I have a Data set and need to do some operations
Data set:
PARM x y
3 x0 y0
3.1 x1 y1
2.9 x2 y2
5 x3 y3
First I run a condition filter and get result like this:
PARM x y Filter
3 x0 y0 pass
3.1 x1 y1 pass
2.9 x2 y2 pass
5 x3 y3 fail
Then I need to run a 4th-polynomial fit with points that pass the filter, below is my code:
proc glm data = wafdata noprint;
class x y;
model PARM = x
y
x * x
x * y
y * y
x * x * x
x * x * y
x * y * y
y * y * y
x * x * x * x
x * x * x * y
x * x * y * y
x * y * y * y
y * y * y * y /p;
output out = poly p = prediction r = residual;
ods graphics off;
run;
Then I need to get
PARM x y Filter Residual
3 x0 y0 pass xxx
3.1 x1 y1 pass xxx
2.9 x2 y2 pass xxx
5 x3 y3 fail xxx (this data point is not included in fitting but have residual calculation as well)
The problem I cannot solve is that I need to get residual from this fit for all data point, including points that fail the filter, so I cannot just delete the filter fail points and run fit.
Last time someone told me try use score but I cannot figure out how, is there anyone can help me on this problem in detail, using score or any other method?
I hope I describe clear enough.
Thanks!
Create your data set like this
PARM x y Filter original_parm
3 x0 y0 pass 3
3.1 x1 y1 pass 3.1
2.9 x2 y2 pass 2.9
. x3 y3 fail 5
Then the fail observation will not be used in the model fit, but it will produce a predicted value. Then it is a simple calculation to use the predicted value and original_parm to get the residual.
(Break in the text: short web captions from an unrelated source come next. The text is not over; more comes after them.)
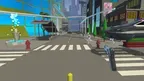 Shoot the Robots VR screenshot 2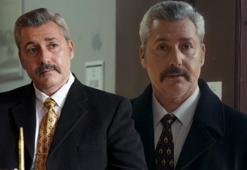 Annem Ankara'ya sürpriz isim! 'Gerçek hikaye beni etkiledi'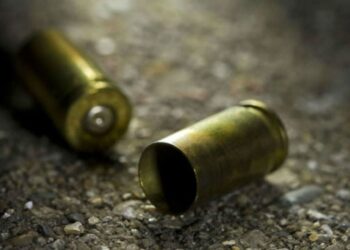 Tepito registra balacera con saldo de 2 muertos y 2 heridos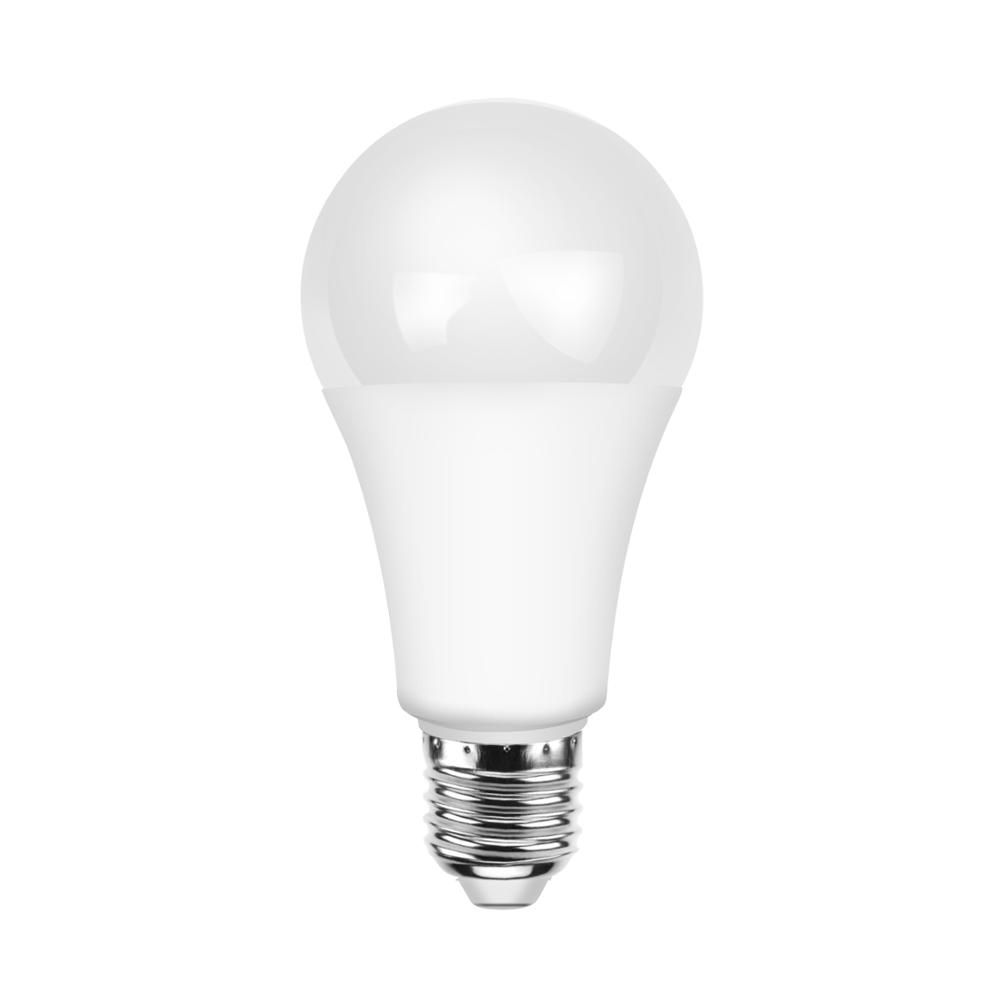 Умная Светодиодная лампа Wi-Fi лучшего качества, Энергосберегающая светодиодная лампа RGB Wi-Fi, в комплекте с приложением ios/android, умная Светодиодная лампа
Create your data set like this
PARM x y Filter original_parm
3 x0 y0 pass 3
3.1 x1 y1 pass 3.1
2.9 x2 y2 pass 2.9
. x3 y3 fail 5
Then the fail observation will not be used in the model fit, but it will produce a predicted value. Then it is a simple calculation to use the predicted value and original_parm to get the residual.
@leonzheng wrote:
I tried your way but it seems not work, predictions for PARM = '.' points are also '.'
I don't know what this means. Show me the results you are getting.
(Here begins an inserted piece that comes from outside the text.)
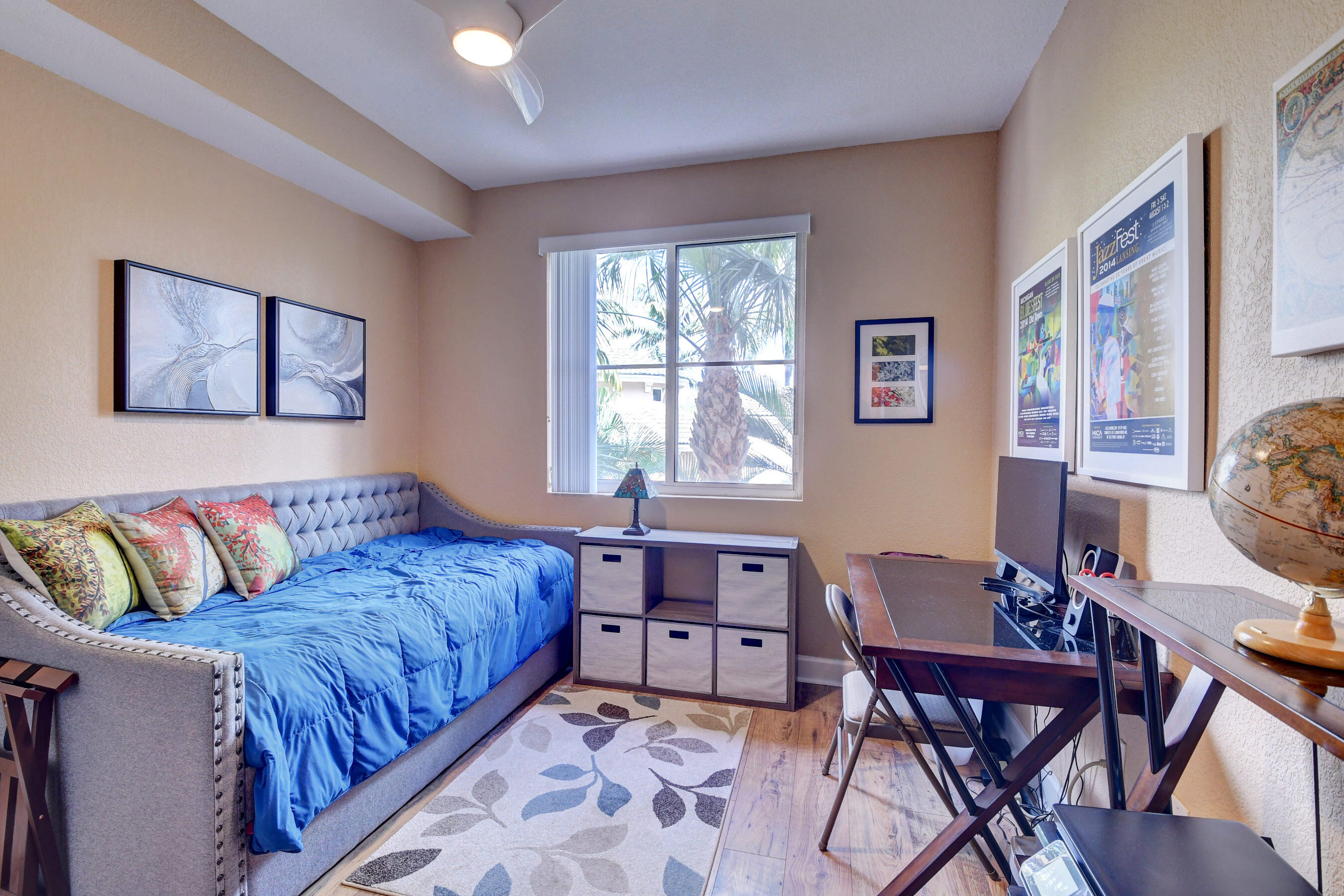 1660 Renaissance Commons Boulevard, Unit 2302 Boynton Beach, FL 33426 - Photo 31 of 61 63_dsc_8720_1_2_3_4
What does a higher order for a categorical variable imply? Since it's 0/1 coding and squaring/cubing etc just result in similar values, ie -1 squared = 1, or -1 cubed = -1. I don't think that makes a lot of sense from a practical perspective. From a technical perspective it's easy enough to implement.
You use a BY statement when you're developing multiple regression models for different groups, for example if you were running this model for two or three different regions or countries you would want a separate model for each country.
SAS cannot calculate a residual with this method, because it does not have the data. However the method is mostly correct, you just need to add a second step to calculate it. Here's an example that works.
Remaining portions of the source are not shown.